Now, this is true only to a certain extent. In most of the cases the line between peace and war will be blurred or non-existent, but there will be cases in which the presence of war will make both states distinctive. This does not imply that the UN Charter will stop being in force. Quite the contrary, it will continue to be applied. But as highlighted earlier, there is a set of norms, rules and principles that come into force when there is a war situation. In other words: international humanitarian law, because it embodies and assumes an objective conception of war[25]. That is to say, it comes into action when there is according to the articles a situation resembling war. This set of rules only functions intermittently and temporarily. Accordingly, there will be occasions in which there will be a distinction between both states, however minimal.

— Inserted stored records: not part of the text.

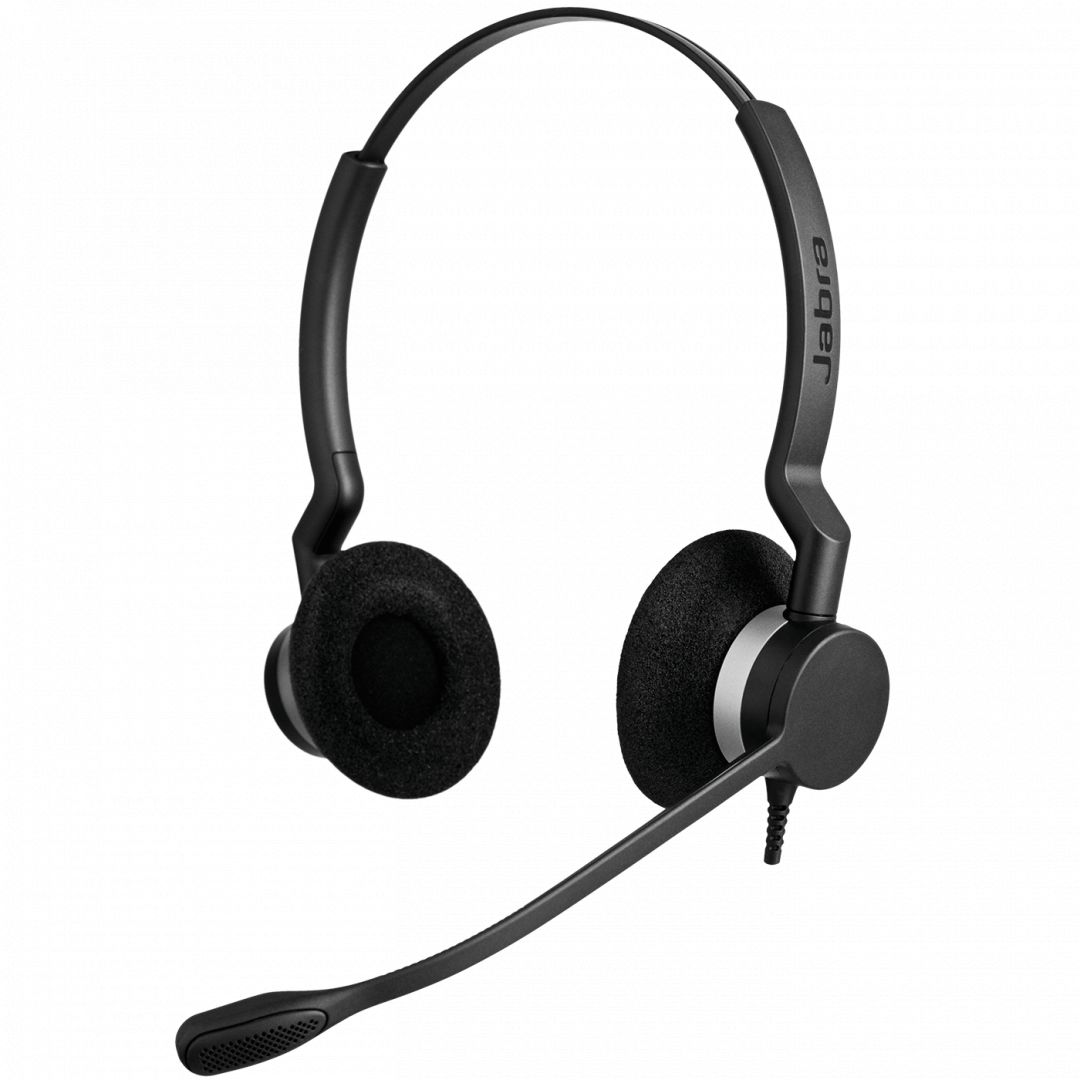 Jabra Biz 2300 Duo USB MS Headset Black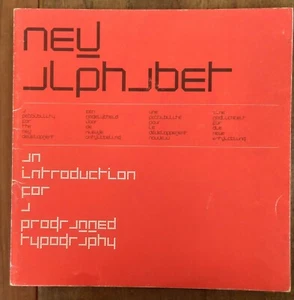 New Alphabet. Quadrat-print. - Foto 1 di 2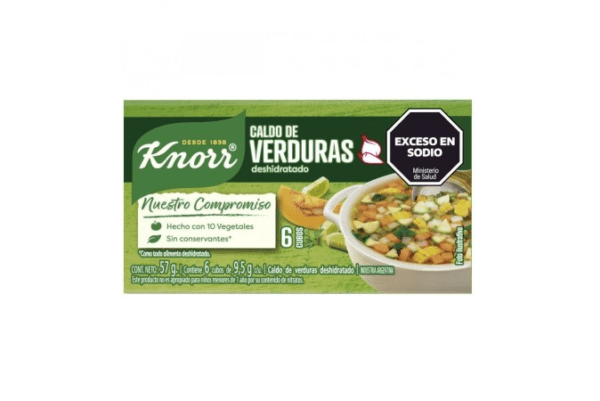 Caldo De Verdura Knorr X 6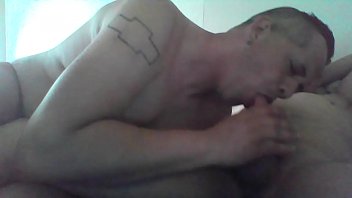 Preview 2 of Anal Orgue Bdsm - I cum in Jasons mouth playing around with the webcam on our new computer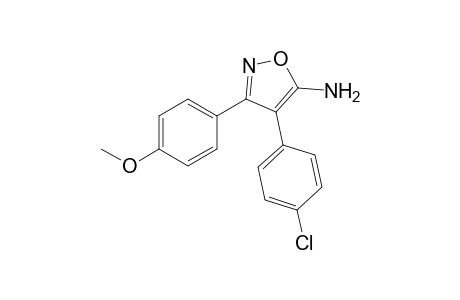 4-(4-Chlorophenyl)-3-(4-methoxyphenyl)-5-isoxazolamine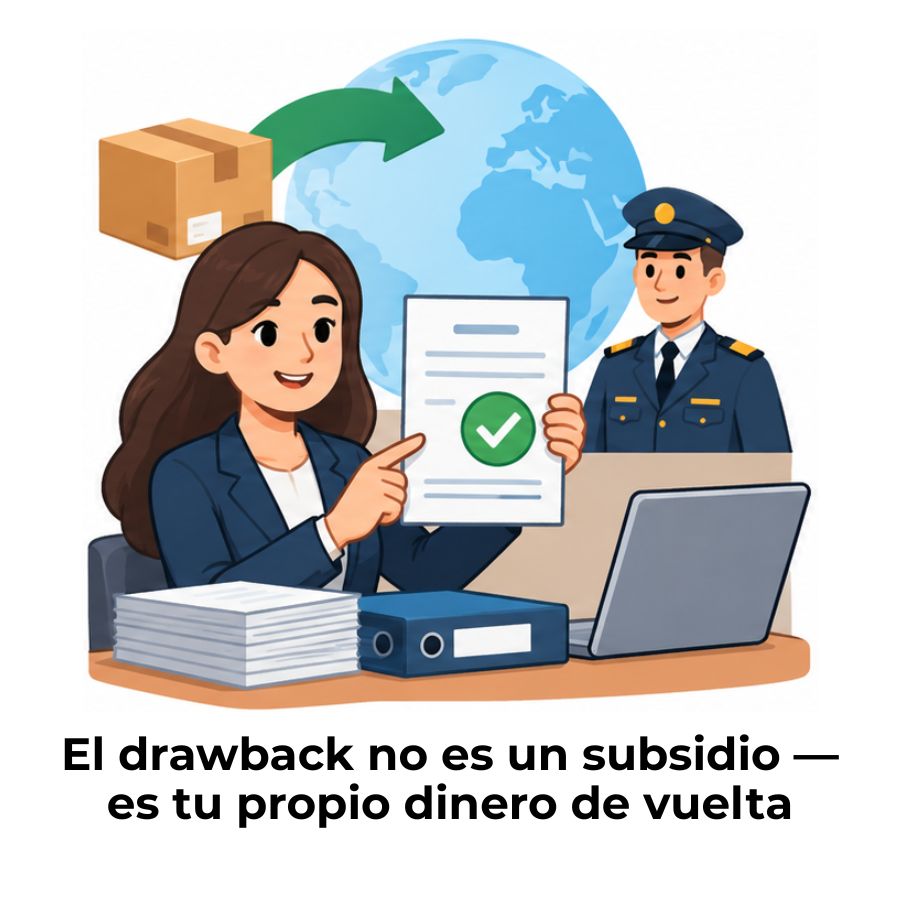 qué es el drawback en comercio exterior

The rise and fall of the state[26]

In the outlook of both situations, the differences between the “war as a state policy” versus “new wars”, due to change of circumstances, seem significant; in particular if the material aspects of both are compared. The crucial distinctive feature is the relevance of the state. In Neff’s account, the state is its pinnacle of strength and power. The nineteenth century embodies its splendour. In Kaldor’s description, the state still exists but is a ghost of its former self. Here, the state is unable or has lost the capacity to control its own territory. This can occur for many reasons: an ineffectual government ridden with corruption, mismanaged and under a great amount of pressure by the impact of globalization. Likewise, the inability to have an effective state is heightened by sectarian fights ravaging the infrastructure, towns and so forth. These contrasting situations greatly influenced – and still influence - the handling of war.

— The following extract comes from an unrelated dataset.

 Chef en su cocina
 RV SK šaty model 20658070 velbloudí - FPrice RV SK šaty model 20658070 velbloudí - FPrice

First, in the “war as a state policy”, war is conducted between states; interstate fight is the paradigmatic condition. This is in stark contrast with the “new wars”. The state disappears from the scene and it is overtaken by non-state actors. Even the state becomes one of the many factions battling in the arena. Now the war is an internal and transnational condition. As a result of this change of paradigm, the traits of war adjust in every aspect. The military army, with its centralized command, bureaucracy, professionalism and heavily armed, yield to scattered groups, where there is no formal hierarchy, where there are untrained and where being a combatant is only one of their many faces.

However, these superficial divergences can obscure the fact that both types of war are of the same nature but only quantitatively dissimilar. That human condition is difficult to modify. Take for instance the goals of war. As Neff explains the objectives during the “war as a state policy” was purely political. There was no room for other sorts of influences. The war was carried out on the basis of cold, calculated, and rationalized interests, as a means of maximizing their power. There was no special animosity against the other counterpart when pursuing the objectives. Compare this with the “new wars” as presented by Kaldor, where identity politics hover all over the roaring combats. Utilitarianism is substituted to national, ethnic or religious politics. It is not merely a quest for power, but equally a moral duty and a hatred for the “other”. These two images cannot depict a stark contrast between both, but it fails to exhibit the entire film. Already during the nineteenth century wars were waged for identity politics. It is the century of romanticism and nationalism. States increasingly resorted to war alongside policy reasons as a sense of national sentiment. This is reinforced by the fact that occasionally armies were aided by civilians who wanted the best for their motherland and fought remorselessly[27]. This group of people does not differ much from present-day combatants. The only real separation is that the goals are varied: not only the motherland but religious or ethnic causes are also at stake. But the peculiarity is the active participation of organized-crime groups that profit from war and for who war is not seen as a means for end, but as an end in itself. That is the most remarkable feature of these “new wars”.

Likewise, the presence of non-state actors already during the nineteenth century demonstrates that they are not a new phenomenon. What has changed is the intensity of their activity, and only in places where the state is weak enough so as to have a proper monopoly of violence over the territory. Another similarity is how they wage wars. While it is true that the tactics and the armaments employed in both sorts of wars are not equal, the results are similar. Even though there were attempts to regulate the exercise of war – and there were undoubtedly regulations concerning it – reality was messier. As with the “new wars”, the distinction between the public and private sphere was not as sharp as it should be as the way the armies waged war also affected greatly the civilians. Like with the identity groups that expel civilians different from them in order to gain control over the territory, the fact that the “idea of total war against populations was never thoroughly drained”[28] from that period meant that the whole population was held responsible during the war. The only difference between both types of wars was that the state was using this tactic mostly derived from policy and not for ideological reasons. It was not a mean and an end itself (yet). It was mostly a matter of degree. The greatest distinction is the existence of neutrality during the nineteenth century, and what fits within the framework of war as policy. If the war is waged for identity reasons, there is no space for neutrality because even if they are not interested in the fight, in the eyes of those groups combating they are wrong because of their identity and it marks them as enemy. Neutrality becomes outdated.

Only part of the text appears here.